SHA1 is dead - First known collision exploit discovered

[Deozaan]

Cryptographers refer to the attack disclosed Thursday as an "identical-prefix" collision, meaning it allows the attacker to create two distinct messages that have the same hash value. This variety is less powerful than the "chosen-prefix" MD5 collision carried out by Flame. In the latter case, attackers can target one or more existing files, such as the digital certificate that a company uses to authenticate its update mechanism. Despite the collision against SHA1 being less powerful, cryptography experts said any real-world identical-prefix attack represented a game-over event for a hashing function.

"In crypto we have the idea that hash function collisions should be really hard to find, even if they're 'useless,'" said Johns Hopkins University professor Matt Green, speaking generally about collisions before he learned the specifics of the new SHA1 attack. A real-world collision attack "is the equivalent of finding out that your scalpel wasn't sterilized properly. It may not verifiably have germs on it, but the whole instrument is considered unsafe."

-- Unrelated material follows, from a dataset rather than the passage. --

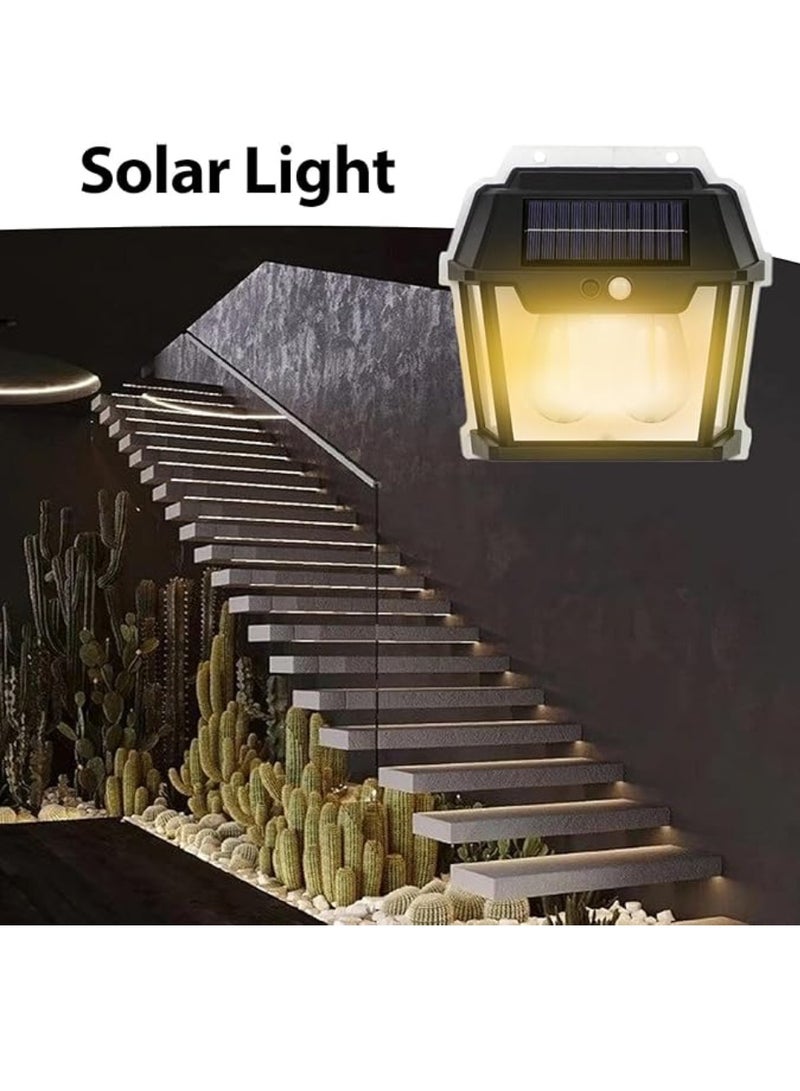 Yuwell 4 Pcs Outdoor Solar Wall Light IP65 Waterproof Security Light Solar Wall Lantern With 3 Modes Led Solar Porch Light Outdoor Deck Fence Lighting Outdoor Solar Light For Garden Patio Yard And Home - Image 4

-https://arstechnica.com/security/2017/02/at-deaths-door-for-years-widely-used-sha1-function-is-now-dead/

Read more here:
https://arstechnica....unction-is-now-dead/

[wraith808]

https://security.goo...-sha1-collision.html

https://tech.slashdo...ainst-sha-1#comments

[brotherS]

Yeah, interesting topic! I found this fascinating:

The amount of computations required to carry out the attack is staggering: nine quintillion (9,223,372,036,854,775,808) SHA1 computations in total which took 6,500 years of CPU computation to complete the attack first phase and 110 years of GPU computation to complete the second phase.

[Tuxman]

SHA1 is dead

-Deozaan (February 23, 2017, 06:53 PM)

No, it's not - that's where the problem lies.